The old plaque may have been removed between 4-5 April when tents were installed during reparations of the area around the Equestrian Statue of King Rama V.
Last Friday, police said they were not aware of the removal of the memorial plaque. The Fine Arts Department Director-General from the Ministry of Culture, Anan Chuchote, was similarly evasive, saying that the Department was not responsible for the removal. The Fine Arts Department has traditionally been responsible for historical artefacts in the surrounding area.
The old plaque was installed by Thailand’s first political party, the People’s Party (Khana Ratsadon), that staged a bloodless coup d’état on 24 June 1932 that ended the Chakri Dynasty’s 150 years of absolutist rule.

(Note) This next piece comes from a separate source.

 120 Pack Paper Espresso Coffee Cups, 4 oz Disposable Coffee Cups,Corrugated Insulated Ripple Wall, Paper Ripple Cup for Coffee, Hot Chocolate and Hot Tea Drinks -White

The message written on the old plaque read, “At this place, at the dawn of 24 June 1932, we the People’s Party gave birth to the Constitution for the progress of the nation.”
The old plaque was replaced with another etched with the message, “May Siam prosper forever [with] happy fresh-faced citizens as the force of the nation”. The rim reads, “Respect and loyalty to the Buddhist Triple Gems and to one’s family clan, and honesty towards one’s King are tools for making the state prosper.”